> **What you will do**: Once the line holding "16 iconos de" appears, repeat it and each line after it to the end of the data, exactly and with nothing else; pictures stay out.
Data shown: Begin
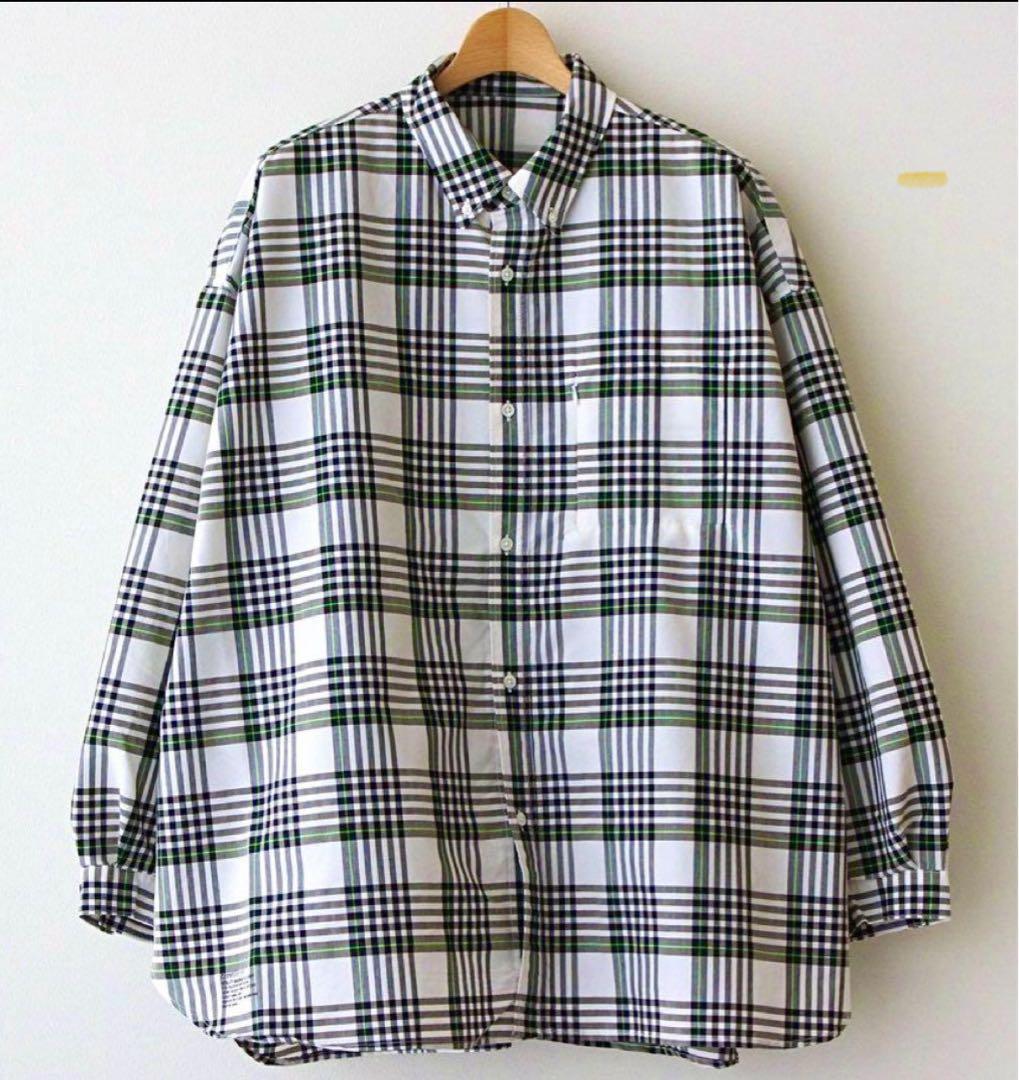 ★超美品Fresh Service ユーティリティマドラスボタンダウンシャツ ユーティリティボタンダウンシャツ(長袖) - フレッシュサービス メンズ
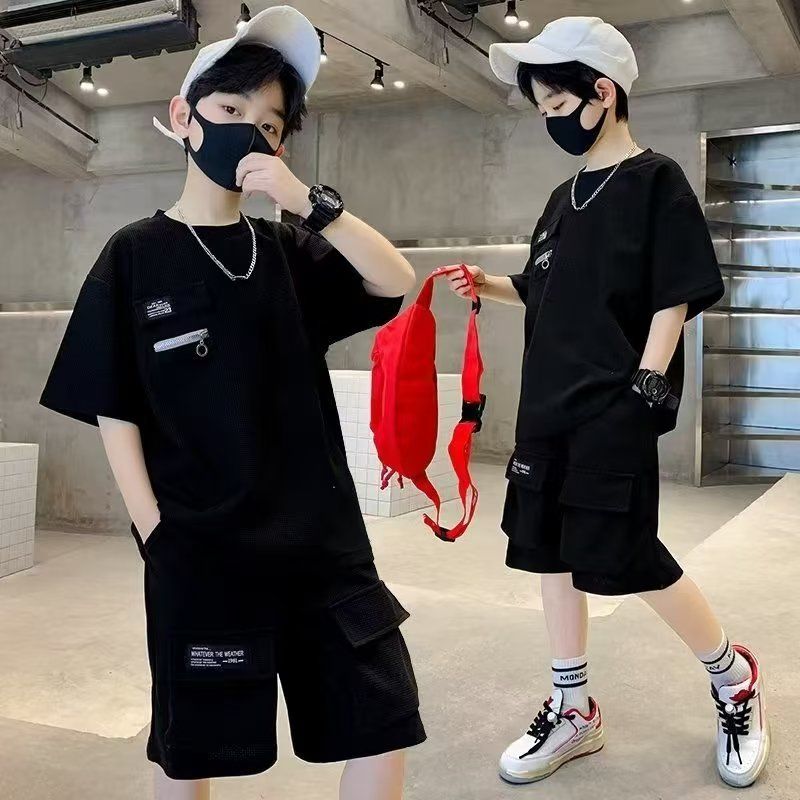 Children's Trendy Children's Clothing Casual Summer Japanese Set New Waffle Boys' Sports Set Short Sleeve Two Piece Set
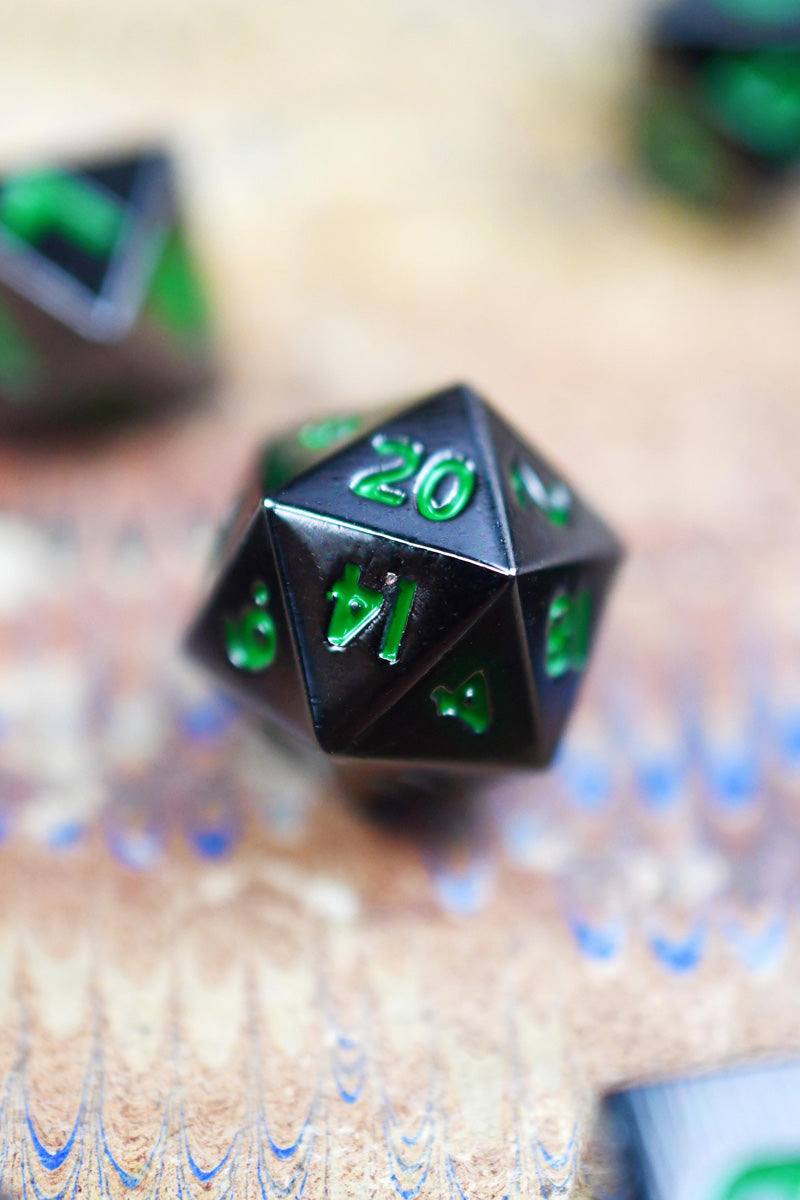 Dark Green Metal - Miniature Metal Dice Set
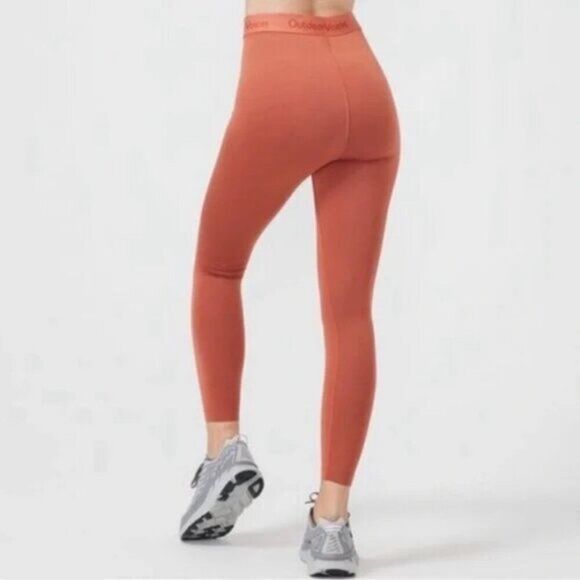 NWOT Outdoor Voices High Waisted Smooth 7/8 Leggings Orange Russet Logo Medium - Picture 3 of 10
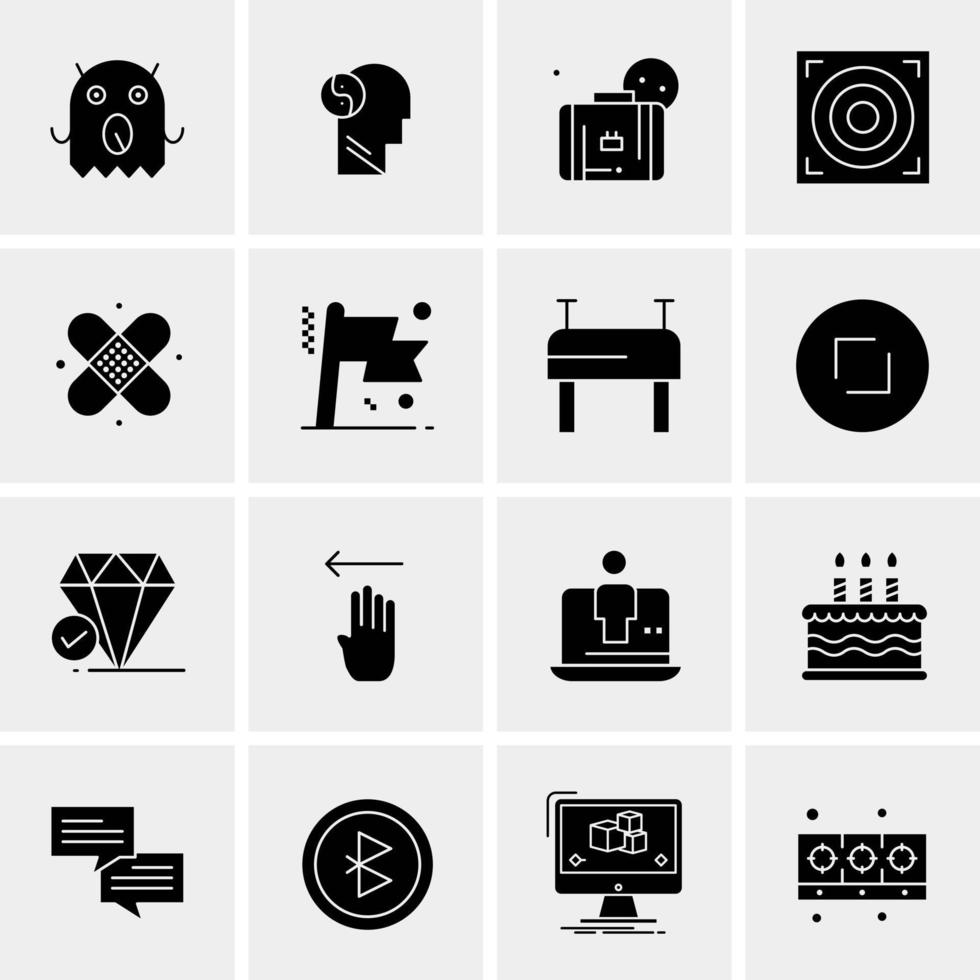 16 iconos de negocios universales vector ilustración de icono creativo para usar en proyectos relacionados con la web y dispositivos móviles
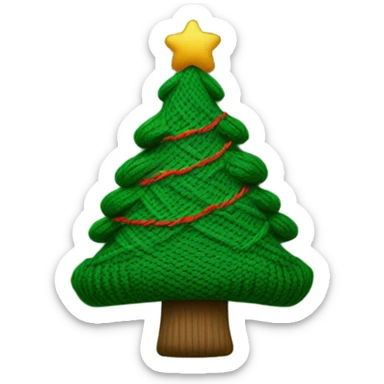 A knit hat like a Christmas tree sticker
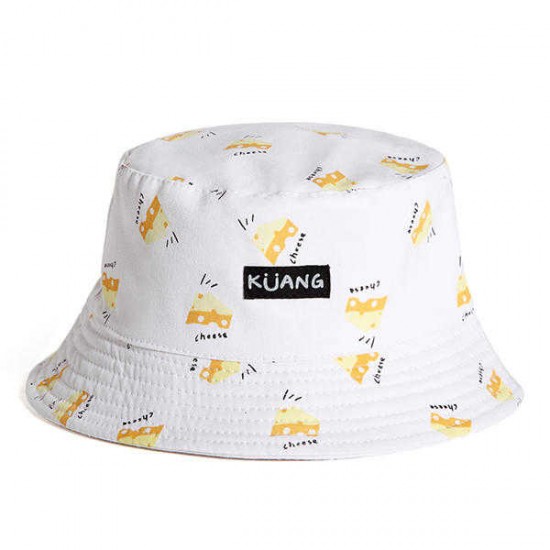 Women Cute Printing Cotton Bucket Hat Casual Double-Wear Sunscreen Fruit Bucket Cap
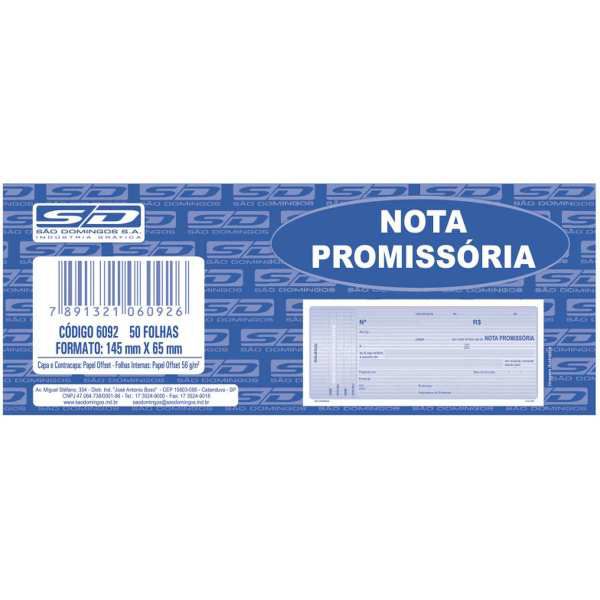 Impresso Talao Nota Promis.mini 50F.65X145 Am Sao Domingos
Data shown: End
> **Final answer**:
 16 iconos de negocios universales vector ilustración de icono creativo para usar en proyectos relacionados con la web y dispositivos móviles
 A knit hat like a Christmas tree sticker
 Women Cute Printing Cotton Bucket Hat Casual Double-Wear Sunscreen Fruit Bucket Cap
 Impresso Talao Nota Promis.mini 50F.65X145 Am Sao Domingos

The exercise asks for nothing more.